Problem statement:
Repeat the records word for word, excluding any picture.

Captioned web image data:
=== Begin Enclosure ===
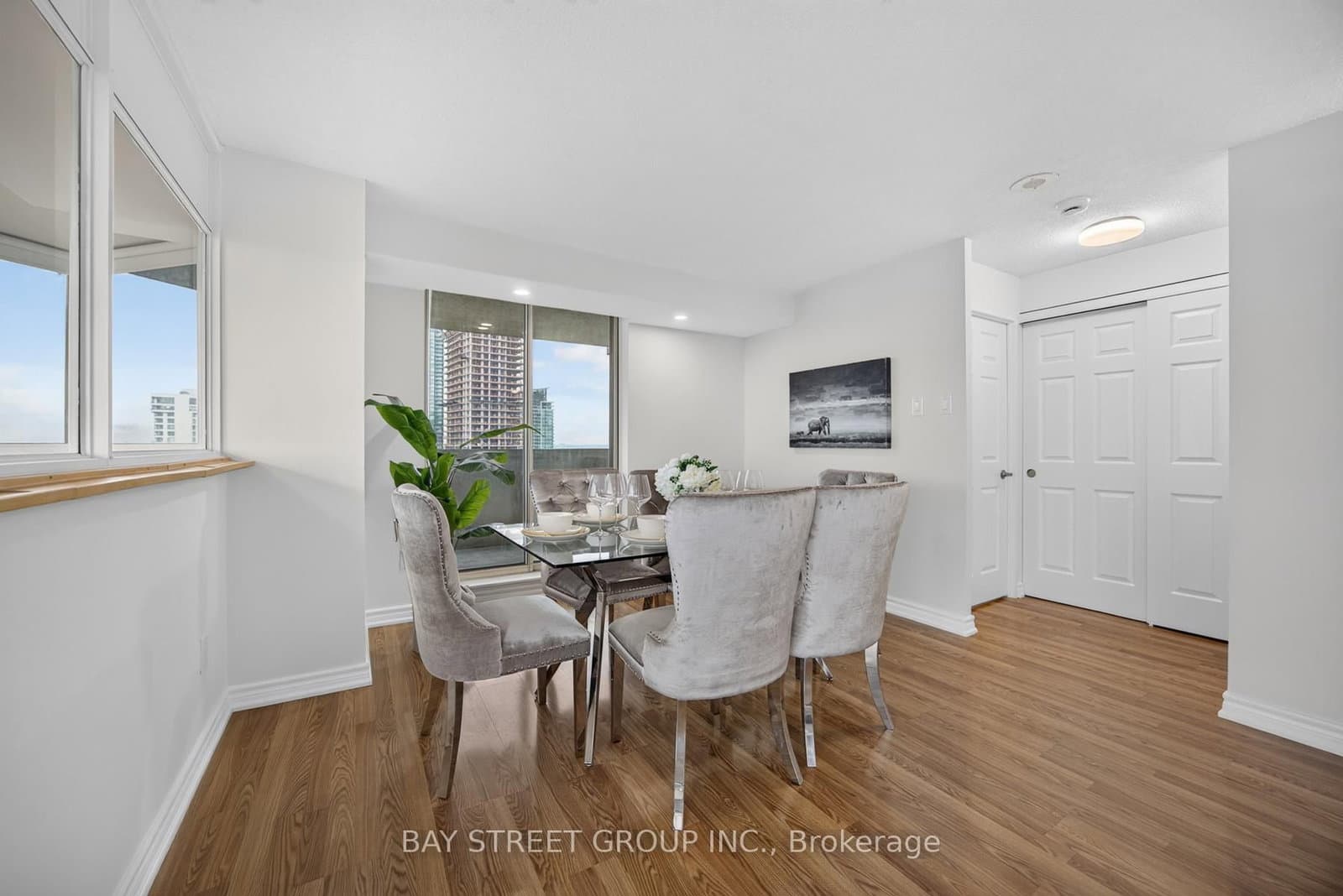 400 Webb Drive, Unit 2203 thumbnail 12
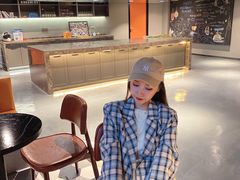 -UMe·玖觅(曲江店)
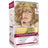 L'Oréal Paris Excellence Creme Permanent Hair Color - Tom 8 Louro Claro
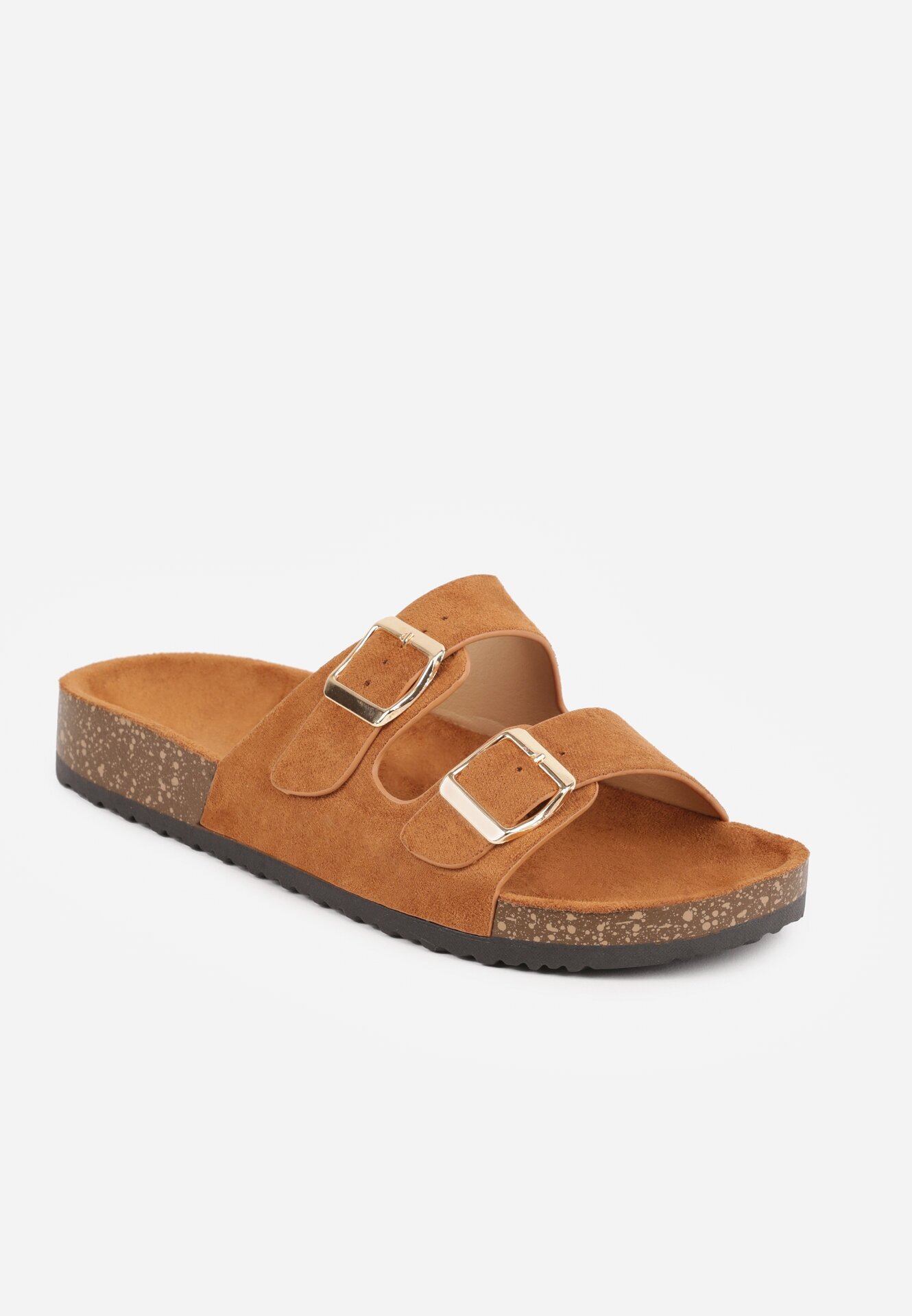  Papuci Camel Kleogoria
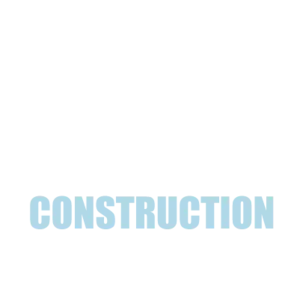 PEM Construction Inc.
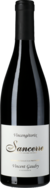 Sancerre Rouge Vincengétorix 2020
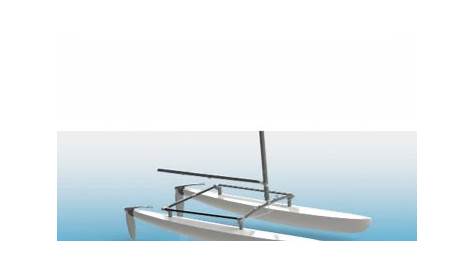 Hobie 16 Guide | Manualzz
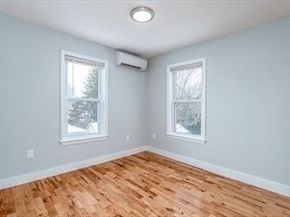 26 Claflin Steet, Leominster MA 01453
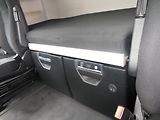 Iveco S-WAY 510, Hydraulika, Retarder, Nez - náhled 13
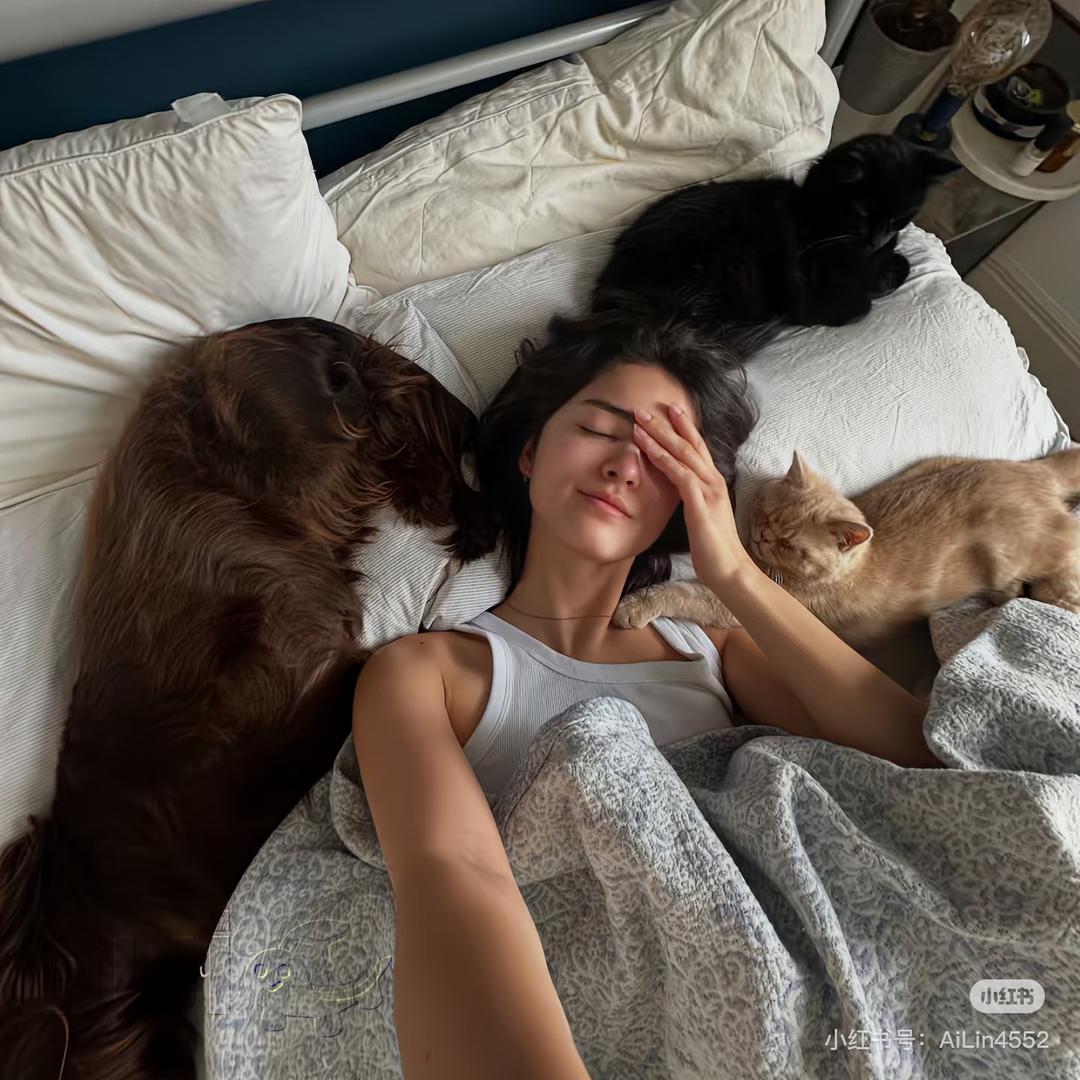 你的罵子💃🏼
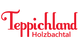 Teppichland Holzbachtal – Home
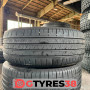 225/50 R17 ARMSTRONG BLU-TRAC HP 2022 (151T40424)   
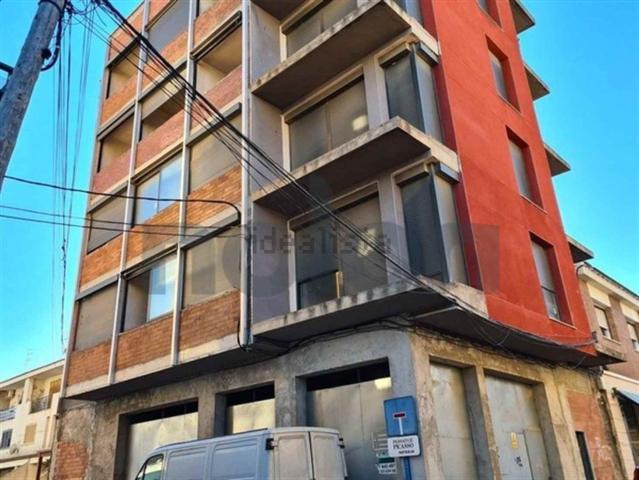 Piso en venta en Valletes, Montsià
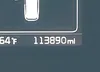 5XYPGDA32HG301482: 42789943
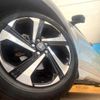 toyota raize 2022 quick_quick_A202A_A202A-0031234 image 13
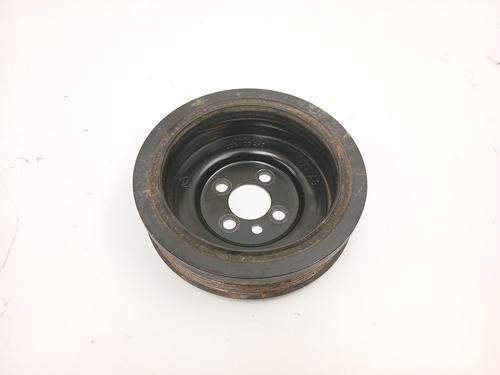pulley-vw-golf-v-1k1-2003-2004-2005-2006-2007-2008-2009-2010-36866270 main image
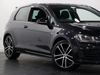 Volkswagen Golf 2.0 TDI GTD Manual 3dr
=== End Enclosure ===
Your solution:
 400 Webb Drive, Unit 2203 thumbnail 12
 -UMe·玖觅(曲江店)
 L'Oréal Paris Excellence Creme Permanent Hair Color - Tom 8 Louro Claro
  Papuci Camel Kleogoria
 PEM Construction Inc.
 Sancerre Rouge Vincengétorix 2020
 Hobie 16 Guide | Manualzz
 26 Claflin Steet, Leominster MA 01453
 Iveco S-WAY 510, Hydraulika, Retarder, Nez - náhled 13
 你的罵子💃🏼
 Teppichland Holzbachtal – Home
 225/50 R17 ARMSTRONG BLU-TRAC HP 2022 (151T40424)   
 Piso en venta en Valletes, Montsià
 5XYPGDA32HG301482: 42789943
 toyota raize 2022 quick_quick_A202A_A202A-0031234 image 13
pulley-vw-golf-v-1k1-2003-2004-2005-2006-2007-2008-2009-2010-36866270 main image
 Volkswagen Golf 2.0 TDI GTD Manual 3dr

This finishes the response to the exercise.